Upon arriving in Quebec, he was almost immediately sent to the Huron mission where he worked under the instruction of Fathers Jean de Brébeuf and Jérôme Lalemant for eight years. In 1645 he became superior of the Huron mission. During his time as superior, a number of his missionaries met their deaths, the first being Father Antoine Daniel (4 July 1648). They became known as the Canadian Martyrs. He remained at his post on St. Mary's on the Wye until 1649, when persuaded by the Huron leaders to join the fugitives on St. Joseph's island (1649).

After a bloody defeat, followed by the massacres of Fathers Noël Chabanel and Charles Garnier, Ragueneau, yielding to the entreaties of the few whom famine, pestilence, and the fury of the Iroquois had spared, led the small band of 400 survivors, the remnants of a nation of ten thousand, to their final refuge, Quebec, after a long and perilous journey. Ragueneau wrote the Relations of the Hurons of 1648–49, 1649–50, 1650–51, and 1651–52 which describes the destruction of the mission.

In 1650, he became vice-rector of the College of Quebec, and superior of the Canadian mission. In 1656, Ragueneau was assigned to the residence at Trois-Rivières. In 1657, he left for Sainte-Marie-de-Ganentaa. He was part of the times that saw the departure of Fathers Chaumonot, Le Moyne, and other missionaries.

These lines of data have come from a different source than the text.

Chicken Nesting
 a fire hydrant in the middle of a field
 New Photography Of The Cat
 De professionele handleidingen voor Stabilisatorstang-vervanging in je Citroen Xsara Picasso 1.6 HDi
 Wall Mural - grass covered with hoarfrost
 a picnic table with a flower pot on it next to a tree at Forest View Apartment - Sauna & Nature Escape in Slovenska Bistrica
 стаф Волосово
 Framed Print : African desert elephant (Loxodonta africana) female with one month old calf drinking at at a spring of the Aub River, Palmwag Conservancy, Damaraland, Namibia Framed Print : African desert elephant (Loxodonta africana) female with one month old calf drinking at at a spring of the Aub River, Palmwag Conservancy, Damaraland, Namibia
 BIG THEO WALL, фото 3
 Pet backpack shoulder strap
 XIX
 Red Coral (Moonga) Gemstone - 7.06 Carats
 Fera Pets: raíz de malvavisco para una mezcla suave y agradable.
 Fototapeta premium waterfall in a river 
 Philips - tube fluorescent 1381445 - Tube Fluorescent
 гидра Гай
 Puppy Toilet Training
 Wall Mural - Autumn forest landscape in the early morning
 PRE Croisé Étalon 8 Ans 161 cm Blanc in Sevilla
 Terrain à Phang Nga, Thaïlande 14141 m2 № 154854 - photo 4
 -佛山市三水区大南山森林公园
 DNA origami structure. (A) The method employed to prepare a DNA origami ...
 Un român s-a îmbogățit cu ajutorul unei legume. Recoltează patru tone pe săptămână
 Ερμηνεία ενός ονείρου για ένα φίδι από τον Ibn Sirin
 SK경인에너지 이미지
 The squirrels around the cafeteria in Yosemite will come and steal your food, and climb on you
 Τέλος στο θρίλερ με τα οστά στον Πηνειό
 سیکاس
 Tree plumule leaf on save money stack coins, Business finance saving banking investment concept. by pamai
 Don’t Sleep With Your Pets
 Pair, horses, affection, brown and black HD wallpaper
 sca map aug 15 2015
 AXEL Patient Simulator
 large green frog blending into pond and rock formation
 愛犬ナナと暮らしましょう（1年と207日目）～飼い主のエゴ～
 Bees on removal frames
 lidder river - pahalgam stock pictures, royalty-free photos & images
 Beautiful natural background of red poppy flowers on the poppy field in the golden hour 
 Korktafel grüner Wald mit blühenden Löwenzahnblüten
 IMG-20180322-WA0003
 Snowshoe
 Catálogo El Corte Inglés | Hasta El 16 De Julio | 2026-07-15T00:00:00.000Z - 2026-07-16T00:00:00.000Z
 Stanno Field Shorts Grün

This first attempt at an organized apostolate among the Iroquois had failed.

In 1662 he returned to France and remained there as procurator of the mission. Ragueneau died in Paris 3 September 1680.

The Parish Municipality of Ragueneau in Quebec, Canada, is named after him. In July 2012, there were proposals to name a Canadian federal riding after him.